Directions
Find the line containing "SAVIORS (CURRENTLY INDEV)" in the records below. Copy exactly that line and each one after it, ending at the line containing "QR code 27210478600000", and nothing more.

Exercise data
== Segment start ==

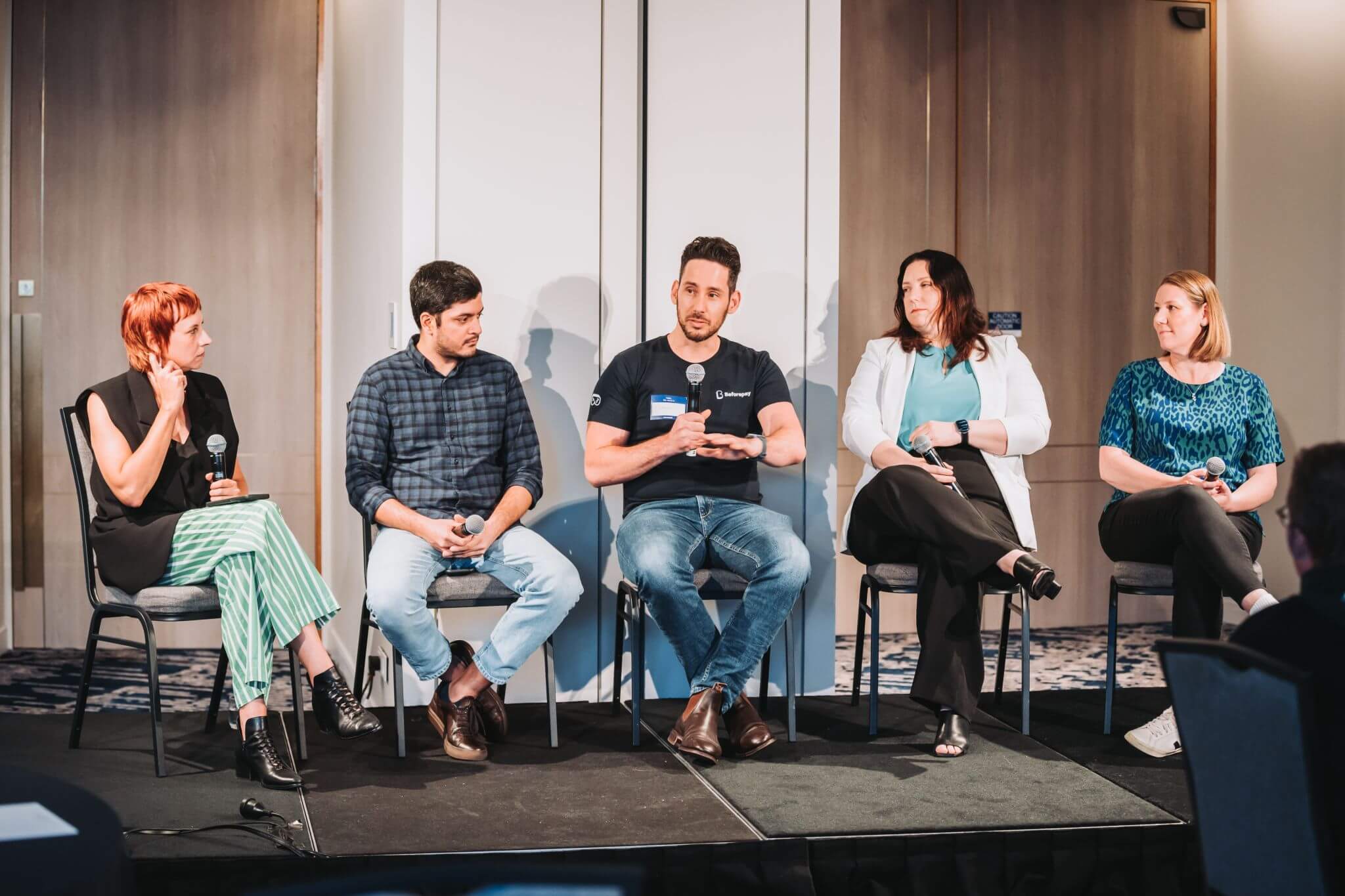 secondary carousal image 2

== Segment end ==
== Segment start ==

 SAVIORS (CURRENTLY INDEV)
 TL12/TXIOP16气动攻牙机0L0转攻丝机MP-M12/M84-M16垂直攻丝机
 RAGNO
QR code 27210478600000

== Segment end ==
== Segment start ==

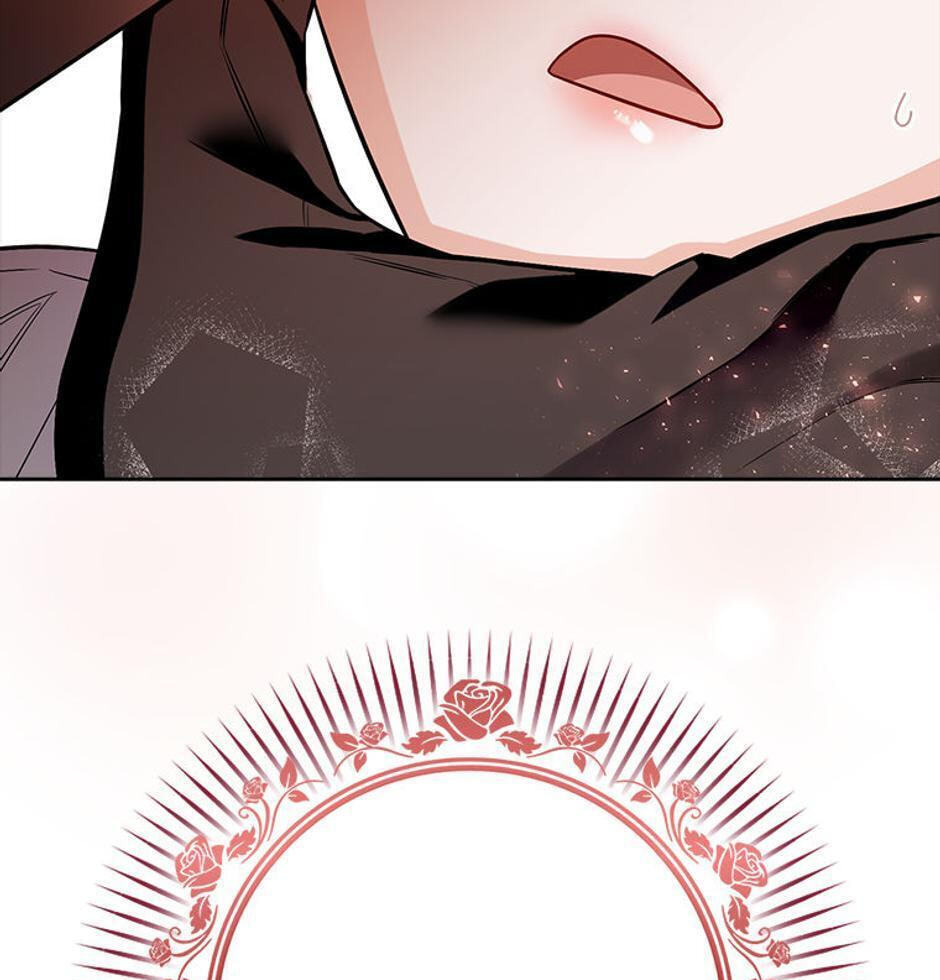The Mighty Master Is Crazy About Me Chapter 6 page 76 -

== Segment end ==

Written answer
 SAVIORS (CURRENTLY INDEV)
 TL12/TXIOP16气动攻牙机0L0转攻丝机MP-M12/M84-M16垂直攻丝机
 RAGNO
QR code 27210478600000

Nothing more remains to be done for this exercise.